Pupils serve as teachers for each other

BY MIKE TRESSLER
BLADE STAFF WRITER

WAUSEON - Schoolchildren are schoolchildren, in Hungary, the Ukraine, or Wauseon.

Hungarian and Ukrainian students, and 14 of their teachers, went to Elm Street School yesterday. The Elm Street students were ready for them.

They sang for each other. Wauseon students sang “Blue and Red and White” and passed out little American flags. Hungarian girls sang and played music, and a Hungarian couple wowed the Wauseon pupils with a broom dance.

Northwest Ohio children learned about schools and life “over there.” The visiting students and teachers saw a modern, computer-filled U.S. school.

For four years, Elm Street School has collected things to send to schools in Ukraine. “One year it was 600 pairs of shoes. Another year, it was 500 boxes of school supplies, scissors, glue, books, pens,” said Sherry Franks of Wauseon.

“The kids at the school got to meet somebody that they've been sending boxes to,” said Mrs. Franks, who oversees the American Legion Auxiliary project.

And Laryssa Syedova got to say “thanks.”

Mrs. Syedova is an English teacher in the Ukrainian village of Lyubar, where she met U.S. Rep. Marcy Kaptur (D., Toledo) when a northwest Ohio group visited there. Yesterday, she sat watching a classroom while waiting for the assembly.

“These people here [in Wauseon] send things to the Ukraine, and your Marcy Kaptur went with a group to take supplies for poor children there. I'm here to tell them thanks for all they do for those children,” Mrs. Syedova said. “Here, every class has computers and children know how to use them. We don't have that in Ukraine.”

The 15 students and their teachers are in northwest Ohio for a month through the Institute of Democratic Exchange, an educational project of the Great Lakes Consortium for International Training and Development. Coordination is by Phil Smith of Perrysburg, where the visitors stay in homes.

The express purpose of the U.S. trip is to sharpen English-speaking skills, said Edina Szollosy, a language teacher from Szeged, Hungary. “They all have studied it many years but they need to hear English spoken as a mother tongue,” she said.

“Yes, I've learned new words,” said Zsofia Baba, 13, a student at the Juhasz Gyula Practicum School in Szeged.

“I've also learned about American life, food, and sports. American football, I like it. Halloween, yes, I will paint my face.”

Elm Street School fifth-grader Paige Stiriz was part of the assembly and hurried to spend class time with the visitors.

“I really liked the dancing and I liked how people here could help them. I want to ask what sports they play and what they like to eat.”

Wauseon High School senior Jonathan Mondelli got reacquainted with Mrs. Syedova. She was a translator when Jonathan and others traveled with Miss Kaptur to the Ukraine in June.

He renewed memories of that adventure, he said, recalling visits to the towns of Lyubar and Burtyn.

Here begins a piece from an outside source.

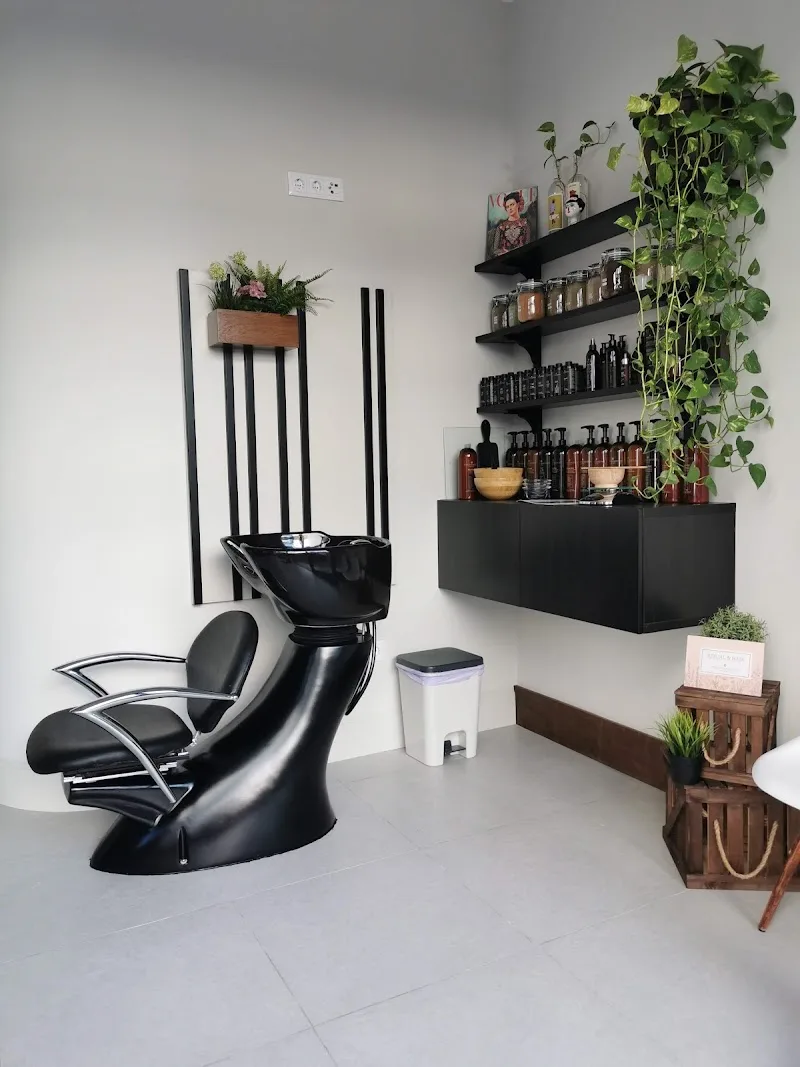 Peluquería Orgánica Las Canas de Frida - Coiffure Las Palmas De Gran Canaria - Photo de couverture - OneBooking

“People there are very open but there is a huge difference in generations,” Jonathan said. “Older people, over 40, still think like when Ukraine was in the Soviet Union. They don't trust one another. They don't talk much to each other. Younger people have the leadership and organization skills.

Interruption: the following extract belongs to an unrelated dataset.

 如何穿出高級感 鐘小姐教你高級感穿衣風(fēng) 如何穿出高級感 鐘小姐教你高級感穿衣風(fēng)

“Ukrainian people were welcoming but we wondered why they trusted us more than they trusted each other,'' he said.

And life is rough in some Ukrainian villages.

“In Lyubar, there was no water for three days we were there because the village could not pay its bill,” Jonathan said. “Electricity is hard to find in some towns too.”

Miss Kaptur, whose Anastasia Fund benefits the needy in the Ukraine, invited Jonathan on the trip after they met at a Washington youth leadership conference.

Mrs. Franks presented the group with money collected in Wauseon, to help send students and teachers to Chicago and possibly Niagara Falls.

It's been that kind of welcome everywhere, Mrs. Syedova said.

“People here are very, very friendly,” she said. “We are at home here.”